Erich Honecker taugt als Witzfigur schon immer ungemein gut. Wenn auch vor allem für jene, die ihn als DDR-Chef noch erlebten, wie die Komödie "Vorwärts immer!" beweist. Das Erste zeigt den Film nun als Free-TV -Premiere.
Schon zu DDR-Zeiten war Erich Honecker für viele eine Witzfigur. Heute, unter Kaptialismus und Demokratie, gibt der Ex-Staatsratsvorsitzende eine dankbare Vorlage für eine putzige Komödie ab. Wenn auch vor allem für jene, die damals schon über ihn lachten. Denn darüber, dass sich "Vorwärts immer" (2017) vorrangig an eine Ü50-Zuschauerschaft richtet, täuschen auch die jungen Gesichter von Josefine Preuß, Jacob Matschenz und Marc Benjamin nicht hinweg, die in der Posse größere Nebenrollen spielen: Der Ost-Rock-Soundtrack ist so dosiert, dass er im Zusammenspiel mit ausgesuchten DDR-Requisiten zwar Ostalgie-Gefühle aufkommen lässt, aber auch nicht weiter stört. Schnitt und Bildgestaltung entsprechen den Sehgewohnheiten des nicht ganz so experimentierfreudigen Teils der ARD-Zuschauer, denen die erst im Kino gestartete Komödie nun als Free-TV-Premiere gezeigt wird.
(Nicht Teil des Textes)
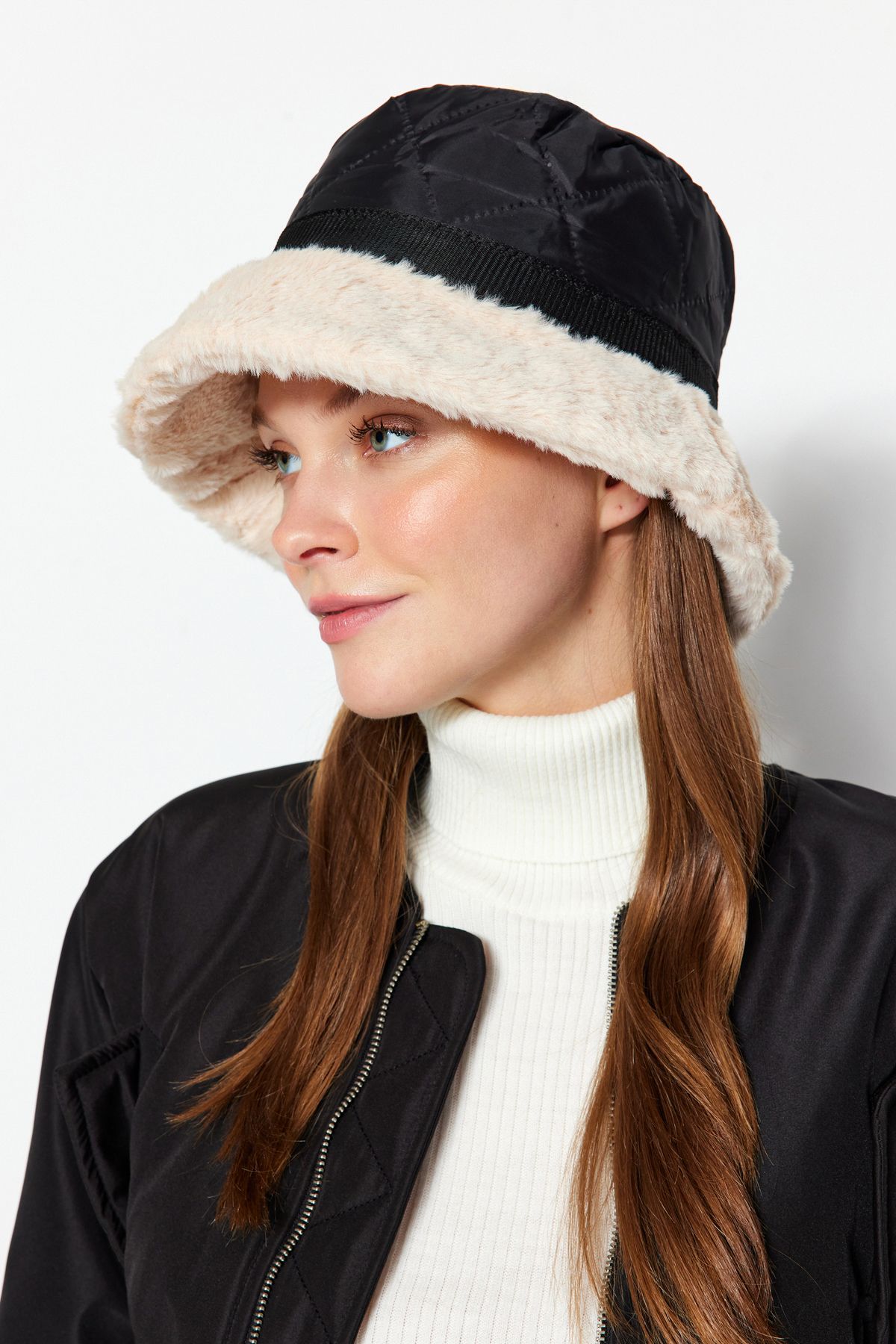 Trendyol Collection-Ecru Soft Textured Bucket Hat TWOAW24SP00003 5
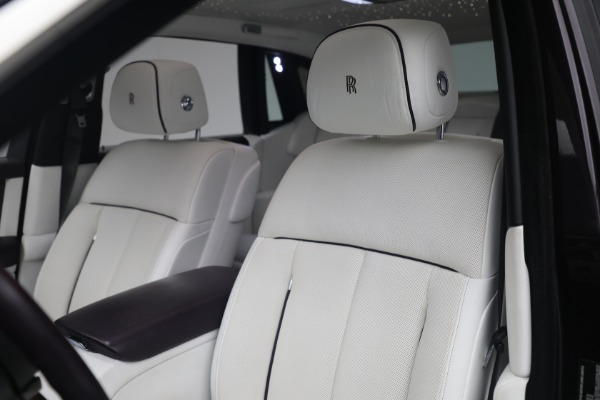 Used 2018 Rolls-Royce Phantom for sale Call for price at Bugatti of Greenwich in Greenwich CT 06830 8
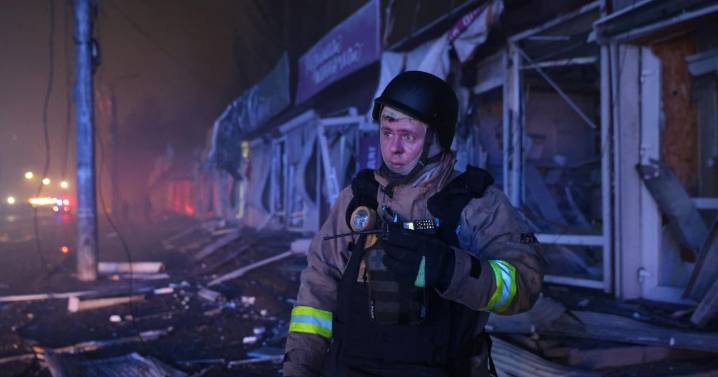 Zelenskyy says Ukraine faces a stark choice and risks losing American support over US peace plan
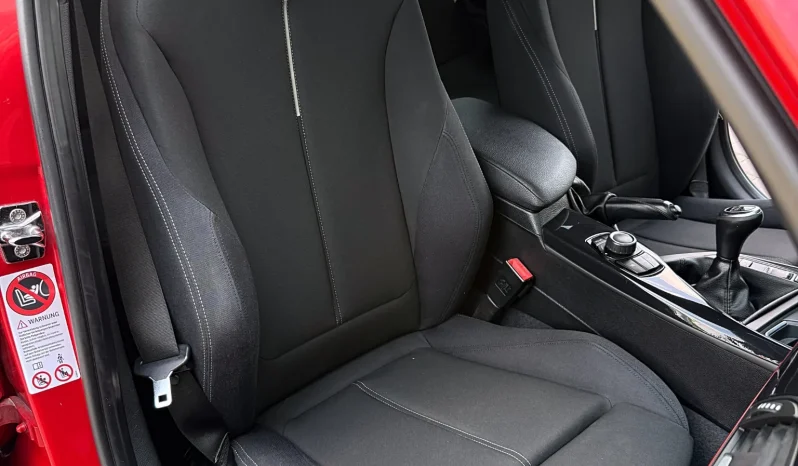 
								BMW Seria 1 118d Sport Line full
Jenes Publikum ist mit Hauptdarsteller Jörg Schüttauf dank seines langjährigen "Tatort"-Engagements an der Seite von Andrea Sawatzki ohnehin vertraut. Schüttauf spielt den DDR-bekannten Bühnenschauspieler Otto Wolf, der mitten in der Probe zum neuen, ungenehmigten Theaterstück "Vorwärts immer!" beunruhigende Nachrichten erhält: Seine geliebte Tochter Anne (Preuß) will in den Westen "rübermachen". Um ihren gefälschten Westpass abzuholen, ist Anne mit ihrem Freund Matti (Benjamin) und ihrem Fälscherkontakt August (Matschenz) auf dem Weg nach Leipzig. Dort, wo an jenem 9. Oktober 1989 Polizei- und Armeetrupps auf Anweisungen warten, wie mit den Tausenden Demonstranten zu verfahren sei, die sich dort seit einigen Montagen zum Protest sammelten. Als ein gut informierter Kollege Otto auch noch steckt, Honecker habe den Schießbefehl erteilt, ist für den liebenden Vater klar: Er muss seine Anne retten – und zwar in seiner Paraderolle Erich Honecker.
Skurrile Situationen
In Theaterverkleidung und einem Volvo, den der Schwager des Kollegen der Frau von Ottos Bühnenkameraden Hans organisiert hat – ja, so lief das damals -, bricht Otto zum Zentralkomitee auf. Denn nur von einem ganz bestimmten Telefon aus lässt sich der Schießbefehl zurücknehmen. Und da der echte Honecker gerade außer Haus ist, scheint die Gelegenheit günstig. Doch im Hauptquartier der DDR-Führung fällt der Genosse Honecker bald nicht nur durch merkwürdiges Benehmen auf: Ausgerechnet Margot Honecker (Hedi Kriegeskotte) läuft der falsche Generalsekretär in die Arme ...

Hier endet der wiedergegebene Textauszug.